== WHAT THE TASK REQUIRES ==
The copy you print must match the listing exactly, with its pictures removed.

== MATERIAL FOR THIS TASK ==
++++

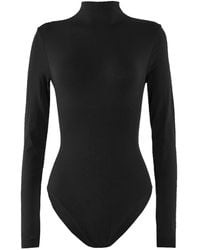 Wolford - High-Neck Long-Sleeve Bodysuit - Lyst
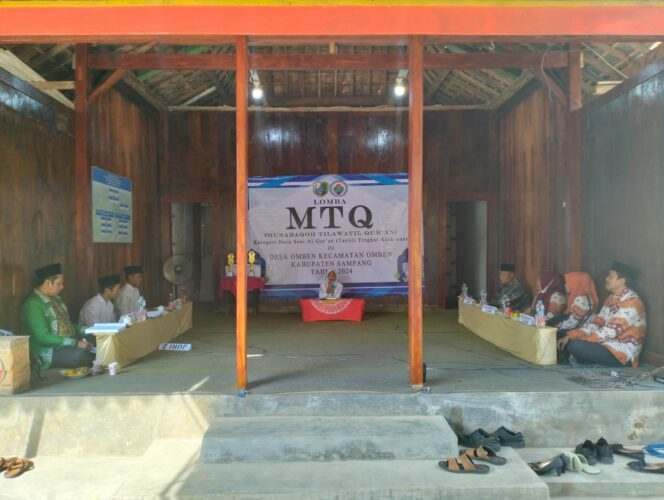 
 Kembangkan Bakat Tilawah dan Tartil Quran PJ Kades Omben Gelar MTQ Tingkat Desa
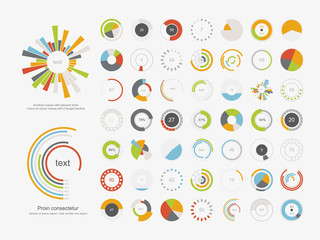 Infographic Elements.Pie chart set icon.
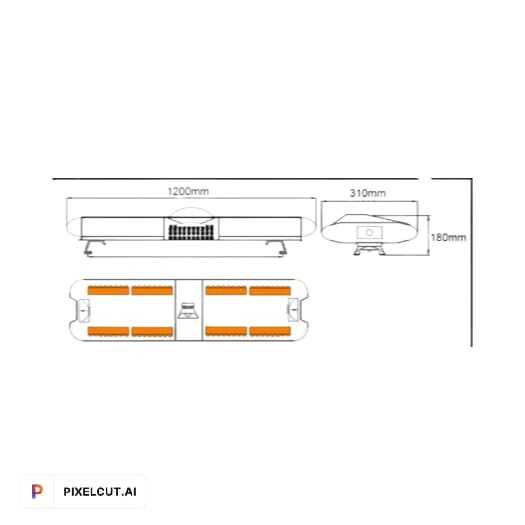 Ambulance Warning Light Bar 12V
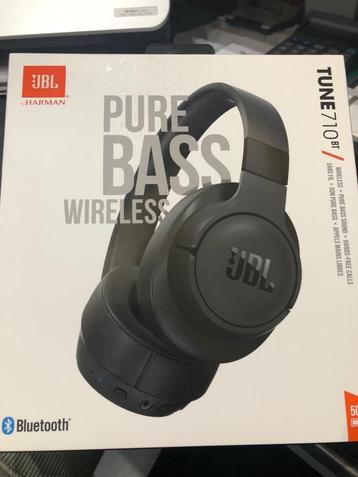 hoofdtelefoon JBL tune 710bt nieuw in de doos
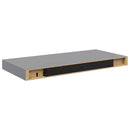vidaXL 2 db szürke MDF fali polc 50 x 23,5 x 3,8 cm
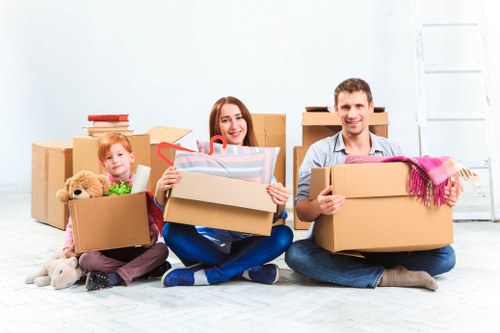 Boxes and moving supplies for a Bermondsey home relocation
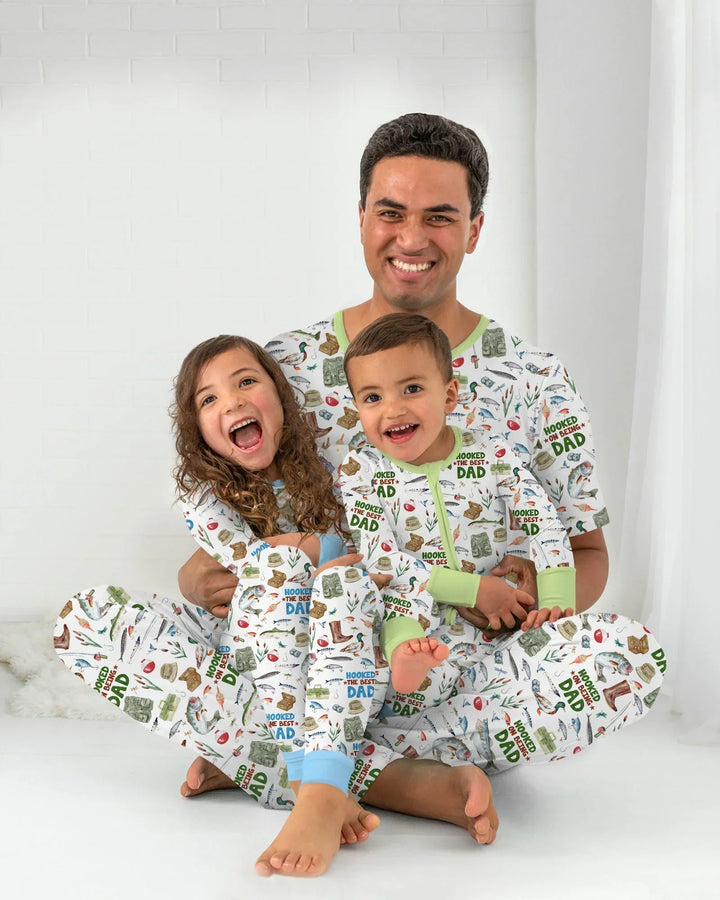 Hooked On Being Dad Daddy & Me Matching Bamboo Men's Pajama Set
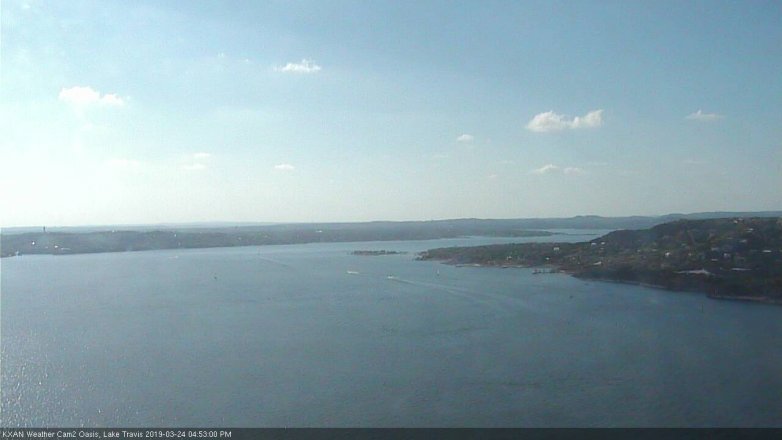 Lake Travis webcam, March 24, 2019 3:55 PM CT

++++

== TASK OUTPUT ==
 Wolford - High-Neck Long-Sleeve Bodysuit - Lyst
 Kembangkan Bakat Tilawah dan Tartil Quran PJ Kades Omben Gelar MTQ Tingkat Desa
 Infographic Elements.Pie chart set icon.
 Ambulance Warning Light Bar 12V
 hoofdtelefoon JBL tune 710bt nieuw in de doos
vidaXL 2 db szürke MDF fali polc 50 x 23,5 x 3,8 cm
 Boxes and moving supplies for a Bermondsey home relocation
 Hooked On Being Dad Daddy & Me Matching Bamboo Men's Pajama Set
 Lake Travis webcam, March 24, 2019 3:55 PM CT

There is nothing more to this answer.